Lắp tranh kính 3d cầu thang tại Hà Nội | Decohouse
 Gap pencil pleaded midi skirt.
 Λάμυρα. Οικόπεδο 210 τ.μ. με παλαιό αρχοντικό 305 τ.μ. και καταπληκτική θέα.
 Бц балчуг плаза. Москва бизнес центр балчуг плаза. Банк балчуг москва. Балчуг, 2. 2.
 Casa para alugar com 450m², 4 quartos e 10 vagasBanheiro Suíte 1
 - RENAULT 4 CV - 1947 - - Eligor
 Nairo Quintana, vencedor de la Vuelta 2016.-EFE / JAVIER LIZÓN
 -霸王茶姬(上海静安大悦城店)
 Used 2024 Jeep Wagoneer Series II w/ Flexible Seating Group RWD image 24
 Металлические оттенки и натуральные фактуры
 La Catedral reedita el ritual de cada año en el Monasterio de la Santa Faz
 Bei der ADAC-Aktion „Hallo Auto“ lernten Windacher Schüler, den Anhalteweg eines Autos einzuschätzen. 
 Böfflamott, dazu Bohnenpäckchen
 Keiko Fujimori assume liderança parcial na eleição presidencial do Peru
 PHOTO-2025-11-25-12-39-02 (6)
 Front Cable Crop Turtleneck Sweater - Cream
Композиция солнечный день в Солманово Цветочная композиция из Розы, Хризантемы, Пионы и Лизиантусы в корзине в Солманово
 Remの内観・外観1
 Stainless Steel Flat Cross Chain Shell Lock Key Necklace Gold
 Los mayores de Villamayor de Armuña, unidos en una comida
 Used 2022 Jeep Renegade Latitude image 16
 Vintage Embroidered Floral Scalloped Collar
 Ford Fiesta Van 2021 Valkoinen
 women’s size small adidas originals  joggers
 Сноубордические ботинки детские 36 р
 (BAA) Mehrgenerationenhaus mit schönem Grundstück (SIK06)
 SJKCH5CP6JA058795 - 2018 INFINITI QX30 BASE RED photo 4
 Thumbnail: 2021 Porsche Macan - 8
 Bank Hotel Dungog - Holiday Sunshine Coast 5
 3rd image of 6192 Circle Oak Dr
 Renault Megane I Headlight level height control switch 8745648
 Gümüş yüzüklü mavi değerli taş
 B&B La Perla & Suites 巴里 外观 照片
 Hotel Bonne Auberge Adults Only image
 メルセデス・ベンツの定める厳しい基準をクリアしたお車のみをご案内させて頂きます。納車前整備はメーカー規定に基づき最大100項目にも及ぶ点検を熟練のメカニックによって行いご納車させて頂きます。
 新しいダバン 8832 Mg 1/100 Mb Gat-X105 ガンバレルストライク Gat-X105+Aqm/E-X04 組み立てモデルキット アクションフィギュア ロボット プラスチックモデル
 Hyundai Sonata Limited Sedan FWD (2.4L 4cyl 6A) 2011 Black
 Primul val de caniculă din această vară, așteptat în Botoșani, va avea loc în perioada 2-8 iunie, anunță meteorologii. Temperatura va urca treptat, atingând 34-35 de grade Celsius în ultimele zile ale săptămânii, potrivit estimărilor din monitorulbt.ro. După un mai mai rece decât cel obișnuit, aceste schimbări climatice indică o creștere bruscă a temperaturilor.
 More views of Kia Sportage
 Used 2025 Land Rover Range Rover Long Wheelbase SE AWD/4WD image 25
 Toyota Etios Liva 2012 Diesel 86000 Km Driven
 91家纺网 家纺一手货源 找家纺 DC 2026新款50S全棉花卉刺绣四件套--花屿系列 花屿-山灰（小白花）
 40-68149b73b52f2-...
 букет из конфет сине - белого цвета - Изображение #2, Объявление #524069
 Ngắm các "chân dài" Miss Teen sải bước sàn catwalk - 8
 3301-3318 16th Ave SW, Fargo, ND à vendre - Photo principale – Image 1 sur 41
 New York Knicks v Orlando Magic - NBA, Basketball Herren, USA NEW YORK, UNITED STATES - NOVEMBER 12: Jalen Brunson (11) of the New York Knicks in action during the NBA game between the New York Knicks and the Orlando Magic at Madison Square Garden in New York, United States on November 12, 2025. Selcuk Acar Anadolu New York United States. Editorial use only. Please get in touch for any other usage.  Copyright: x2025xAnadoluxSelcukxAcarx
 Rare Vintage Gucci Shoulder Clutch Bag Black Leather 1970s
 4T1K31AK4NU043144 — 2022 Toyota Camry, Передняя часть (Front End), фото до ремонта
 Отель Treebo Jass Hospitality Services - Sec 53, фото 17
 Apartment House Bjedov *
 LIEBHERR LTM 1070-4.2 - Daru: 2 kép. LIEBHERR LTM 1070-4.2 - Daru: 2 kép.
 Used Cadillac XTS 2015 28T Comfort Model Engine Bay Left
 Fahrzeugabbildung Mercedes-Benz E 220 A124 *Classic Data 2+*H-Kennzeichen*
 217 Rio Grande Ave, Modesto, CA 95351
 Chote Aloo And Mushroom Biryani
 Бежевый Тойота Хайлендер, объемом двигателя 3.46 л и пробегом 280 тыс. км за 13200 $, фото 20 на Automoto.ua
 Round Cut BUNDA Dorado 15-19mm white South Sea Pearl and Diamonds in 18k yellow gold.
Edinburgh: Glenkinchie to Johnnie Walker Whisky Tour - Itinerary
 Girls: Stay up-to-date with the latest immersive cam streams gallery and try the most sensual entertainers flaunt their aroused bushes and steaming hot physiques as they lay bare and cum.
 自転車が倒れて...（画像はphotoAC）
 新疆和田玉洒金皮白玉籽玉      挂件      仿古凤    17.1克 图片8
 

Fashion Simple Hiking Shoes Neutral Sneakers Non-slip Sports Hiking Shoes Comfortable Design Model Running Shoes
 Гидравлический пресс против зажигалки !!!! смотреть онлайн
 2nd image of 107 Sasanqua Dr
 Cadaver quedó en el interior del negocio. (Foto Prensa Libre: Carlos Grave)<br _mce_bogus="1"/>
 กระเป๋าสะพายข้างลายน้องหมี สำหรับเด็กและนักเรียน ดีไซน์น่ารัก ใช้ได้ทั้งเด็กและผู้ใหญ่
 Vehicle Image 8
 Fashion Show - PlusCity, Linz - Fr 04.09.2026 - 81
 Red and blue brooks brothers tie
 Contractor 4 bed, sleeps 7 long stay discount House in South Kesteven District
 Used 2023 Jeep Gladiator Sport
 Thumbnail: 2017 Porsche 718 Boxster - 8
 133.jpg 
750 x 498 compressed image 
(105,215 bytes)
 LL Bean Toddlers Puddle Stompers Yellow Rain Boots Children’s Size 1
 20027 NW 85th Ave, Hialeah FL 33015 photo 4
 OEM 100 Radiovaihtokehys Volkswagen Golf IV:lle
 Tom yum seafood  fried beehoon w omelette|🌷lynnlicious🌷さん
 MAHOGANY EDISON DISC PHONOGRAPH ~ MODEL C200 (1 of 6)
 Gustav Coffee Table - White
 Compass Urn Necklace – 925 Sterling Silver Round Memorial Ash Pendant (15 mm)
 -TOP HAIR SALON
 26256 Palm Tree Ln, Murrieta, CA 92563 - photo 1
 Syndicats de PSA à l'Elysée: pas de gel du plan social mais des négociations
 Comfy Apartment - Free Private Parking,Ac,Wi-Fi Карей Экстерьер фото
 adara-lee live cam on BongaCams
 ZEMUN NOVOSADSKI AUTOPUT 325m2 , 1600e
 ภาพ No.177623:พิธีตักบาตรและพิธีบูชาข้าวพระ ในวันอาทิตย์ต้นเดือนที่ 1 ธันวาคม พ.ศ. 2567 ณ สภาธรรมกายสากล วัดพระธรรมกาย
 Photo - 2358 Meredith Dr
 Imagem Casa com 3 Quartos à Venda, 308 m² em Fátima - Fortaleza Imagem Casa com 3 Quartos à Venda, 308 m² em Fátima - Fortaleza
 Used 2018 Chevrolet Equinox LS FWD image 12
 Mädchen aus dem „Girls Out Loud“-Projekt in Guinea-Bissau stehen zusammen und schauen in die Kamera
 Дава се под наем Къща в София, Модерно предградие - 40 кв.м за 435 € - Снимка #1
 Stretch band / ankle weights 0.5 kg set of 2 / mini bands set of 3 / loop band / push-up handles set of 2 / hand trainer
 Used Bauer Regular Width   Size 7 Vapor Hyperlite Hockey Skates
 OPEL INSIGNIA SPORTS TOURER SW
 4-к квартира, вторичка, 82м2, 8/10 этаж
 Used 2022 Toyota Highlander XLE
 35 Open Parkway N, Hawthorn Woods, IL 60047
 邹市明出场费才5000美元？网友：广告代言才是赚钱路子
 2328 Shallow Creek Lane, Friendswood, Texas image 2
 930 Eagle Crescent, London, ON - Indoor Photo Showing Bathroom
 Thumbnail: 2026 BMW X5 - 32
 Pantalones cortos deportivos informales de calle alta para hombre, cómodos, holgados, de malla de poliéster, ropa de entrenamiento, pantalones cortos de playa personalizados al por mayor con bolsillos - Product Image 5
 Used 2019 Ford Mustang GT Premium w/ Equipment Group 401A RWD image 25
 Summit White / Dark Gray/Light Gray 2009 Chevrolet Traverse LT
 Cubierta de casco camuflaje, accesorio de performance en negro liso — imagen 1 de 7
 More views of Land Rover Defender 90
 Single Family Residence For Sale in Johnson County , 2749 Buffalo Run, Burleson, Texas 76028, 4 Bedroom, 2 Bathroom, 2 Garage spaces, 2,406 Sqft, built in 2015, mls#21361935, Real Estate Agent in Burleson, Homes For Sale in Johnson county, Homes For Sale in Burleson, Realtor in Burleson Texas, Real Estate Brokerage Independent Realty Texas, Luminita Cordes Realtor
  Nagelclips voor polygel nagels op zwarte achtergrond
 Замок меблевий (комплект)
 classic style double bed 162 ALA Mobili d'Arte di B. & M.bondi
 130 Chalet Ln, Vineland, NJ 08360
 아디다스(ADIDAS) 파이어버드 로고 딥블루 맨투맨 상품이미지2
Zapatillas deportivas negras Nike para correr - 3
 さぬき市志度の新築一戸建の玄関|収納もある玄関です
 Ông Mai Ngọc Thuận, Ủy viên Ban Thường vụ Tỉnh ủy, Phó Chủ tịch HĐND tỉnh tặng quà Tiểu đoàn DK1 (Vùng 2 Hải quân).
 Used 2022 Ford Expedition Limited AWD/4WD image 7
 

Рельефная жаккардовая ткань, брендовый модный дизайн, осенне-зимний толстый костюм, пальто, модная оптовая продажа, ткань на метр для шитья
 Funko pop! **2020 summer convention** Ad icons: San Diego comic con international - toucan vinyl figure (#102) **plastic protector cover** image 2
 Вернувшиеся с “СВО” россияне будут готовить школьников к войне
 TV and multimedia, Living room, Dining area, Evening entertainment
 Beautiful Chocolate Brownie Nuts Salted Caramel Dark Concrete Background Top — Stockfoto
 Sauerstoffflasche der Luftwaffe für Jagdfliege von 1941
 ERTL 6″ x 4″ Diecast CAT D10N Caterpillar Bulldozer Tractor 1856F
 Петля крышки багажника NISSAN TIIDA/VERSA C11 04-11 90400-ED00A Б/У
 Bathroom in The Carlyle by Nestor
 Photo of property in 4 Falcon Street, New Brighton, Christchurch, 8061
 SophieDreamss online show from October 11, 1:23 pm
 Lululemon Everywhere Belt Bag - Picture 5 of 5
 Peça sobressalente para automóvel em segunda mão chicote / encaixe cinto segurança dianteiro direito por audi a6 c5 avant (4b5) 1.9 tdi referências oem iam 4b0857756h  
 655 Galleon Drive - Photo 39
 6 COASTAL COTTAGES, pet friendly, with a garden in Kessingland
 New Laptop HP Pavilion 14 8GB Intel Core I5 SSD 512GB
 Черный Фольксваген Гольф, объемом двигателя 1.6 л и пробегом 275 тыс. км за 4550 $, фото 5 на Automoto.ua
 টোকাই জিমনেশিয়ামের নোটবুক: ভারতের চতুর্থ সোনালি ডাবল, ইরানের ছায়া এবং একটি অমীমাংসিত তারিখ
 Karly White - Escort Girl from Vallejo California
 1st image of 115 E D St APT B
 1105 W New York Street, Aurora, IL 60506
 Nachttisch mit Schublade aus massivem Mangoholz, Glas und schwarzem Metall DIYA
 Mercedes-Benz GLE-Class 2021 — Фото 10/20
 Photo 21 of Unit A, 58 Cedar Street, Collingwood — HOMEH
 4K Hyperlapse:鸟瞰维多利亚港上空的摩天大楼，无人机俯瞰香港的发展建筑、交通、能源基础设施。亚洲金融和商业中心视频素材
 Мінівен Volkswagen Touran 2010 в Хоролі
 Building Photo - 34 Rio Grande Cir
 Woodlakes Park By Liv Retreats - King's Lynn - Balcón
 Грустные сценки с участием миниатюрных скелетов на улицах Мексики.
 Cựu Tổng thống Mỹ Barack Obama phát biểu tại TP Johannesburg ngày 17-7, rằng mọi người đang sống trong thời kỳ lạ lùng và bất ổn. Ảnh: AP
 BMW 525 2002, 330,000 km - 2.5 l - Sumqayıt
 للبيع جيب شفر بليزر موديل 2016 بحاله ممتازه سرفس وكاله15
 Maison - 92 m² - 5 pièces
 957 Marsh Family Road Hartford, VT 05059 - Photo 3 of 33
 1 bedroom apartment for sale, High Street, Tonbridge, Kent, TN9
-*-*-
— WORK TASK —
Repeat the records above line by line, from the first line through the line that contains "- RENAULT 4 CV - 1947 - - Eligor".

— ANSWER —
Lắp tranh kính 3d cầu thang tại Hà Nội | Decohouse
 Gap pencil pleaded midi skirt.
 Λάμυρα. Οικόπεδο 210 τ.μ. με παλαιό αρχοντικό 305 τ.μ. και καταπληκτική θέα.
 Бц балчуг плаза. Москва бизнес центр балчуг плаза. Банк балчуг москва. Балчуг, 2. 2.
 Casa para alugar com 450m², 4 quartos e 10 vagasBanheiro Suíte 1
 - RENAULT 4 CV - 1947 - - Eligor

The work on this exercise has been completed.